A systematic review was conducted according to the PRISMA statements and considering eleven databases, including the grey literature. Protocol was registered in PROSPERO (CRD [Blinding]). The PECO strategy was used to define the eligibility criteria and only studies involving diagnostic accuracy were included. Their risk of bias was investigated using the Joanna Briggs Institute Critical Appraisal tool.
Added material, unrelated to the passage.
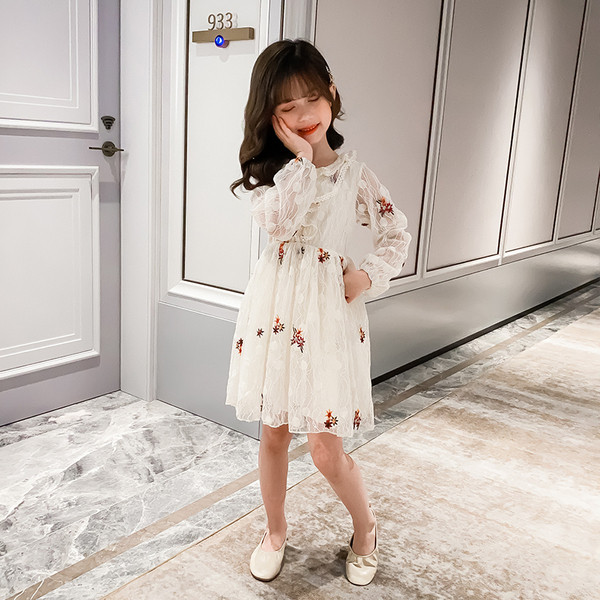 Gyermek csipkeruha hímzéssel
Out of 437 identified citations, five papers, published between 2006 and 2019, fulfilled the criteria and were included in this systematic review. A total of 5,264 images from 508 lesions, classified as radicular cyst, odontogenic keratocyst, lateral periodontal cyst, glandular odontogenic cyst, or dentigerous cyst, were analyzed. All selected articles scored low risk of bias. In three studies, the best performances were achieved when the two subtypes of odontogenic keratocysts (solitary or syndromic) were pooled together, the case-wise analysis showing a success rate of 100% for odontogenic keratocysts and radicular cysts, in one of them. In two studies, the dentigerous cyst was associated with the majority of misclassifications, and its omission from the dataset improved significantly the classification rates.
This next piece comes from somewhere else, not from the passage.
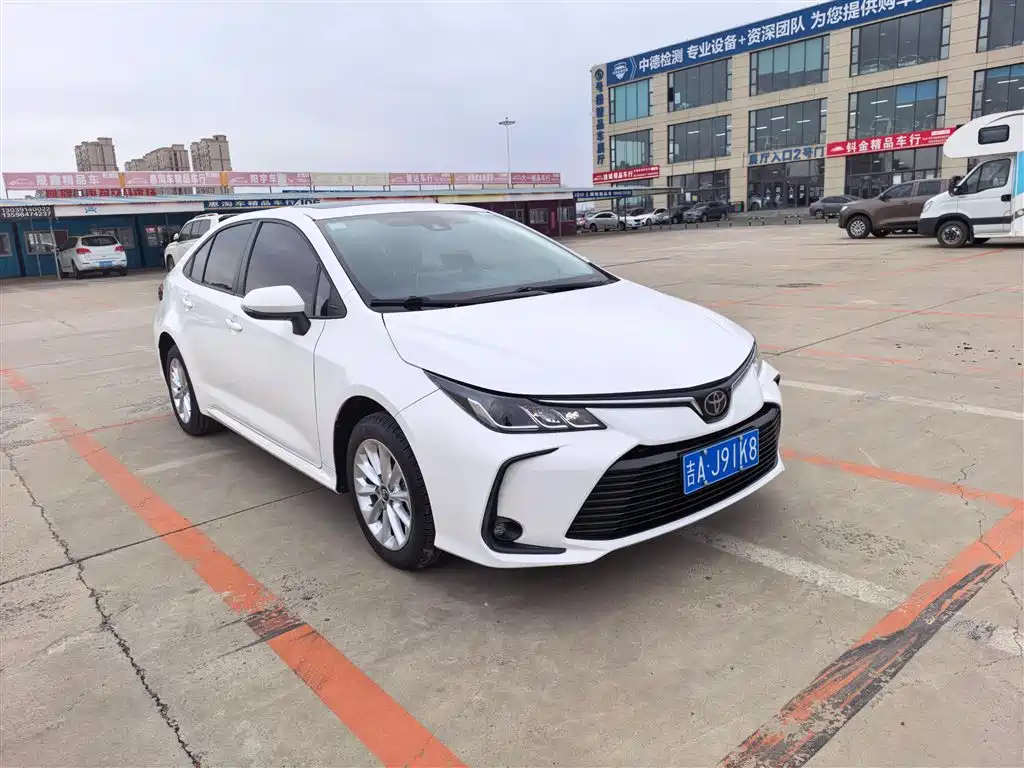 Toyota Corolla 2021 1.2T S-CVT Elite PLUS Edition фото 3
The overall evaluation showed all studies presented high accuracy rates of computer-aided systems in classifying odontogenic cysts in digital images of histological tissue sections. However, due to the heterogeneity of the studies, a meta-analysis evaluating the outcomes of interest was not performed and a pragmatic recommendation about their use is not possible.
本研究旨在寻找有关计算机辅助分析诊断牙源性囊肿准确性的科学证据。
根据 PRISMA 声明并考虑到包括灰色文献在内的十一个数据库进行了系统评价。方案在 PROSPERO(CRD [盲法])中进行了注册。使用 PECO 策略来定义纳入标准,仅纳入涉及诊断准确性的研究。使用 Joanna Briggs 研究所的批判性评估工具评估其偏倚风险。
在 437 条识别出的引文中外,有五篇发表于 2006 年至 2019 年的论文符合标准并被纳入本系统评价。共分析了 508 个病变的 5264 张图像,这些病变被分类为根型囊肿、牙源性角化囊肿、牙周侧囊肿、腺牙源性囊肿或含牙囊肿。所有选定的文章偏倚风险评分均较低。在三项研究中,当将两种牙源性角化囊肿亚型(单发或综合征)合并在一起进行分析时,表现最佳,其中一项研究显示牙源性角化囊肿和根型囊肿的成功率为 100%。在两项研究中,含牙囊肿与大多数错误分类相关,从数据集中排除该囊肿可显著提高分类率。
总体评估显示,所有研究都表明计算机辅助系统在对组织切片数字图像中的牙源性囊肿进行分类时具有较高的准确性。然而,由于研究的异质性,未进行评估感兴趣结果的荟萃分析,因此无法提出关于其使用的实用建议。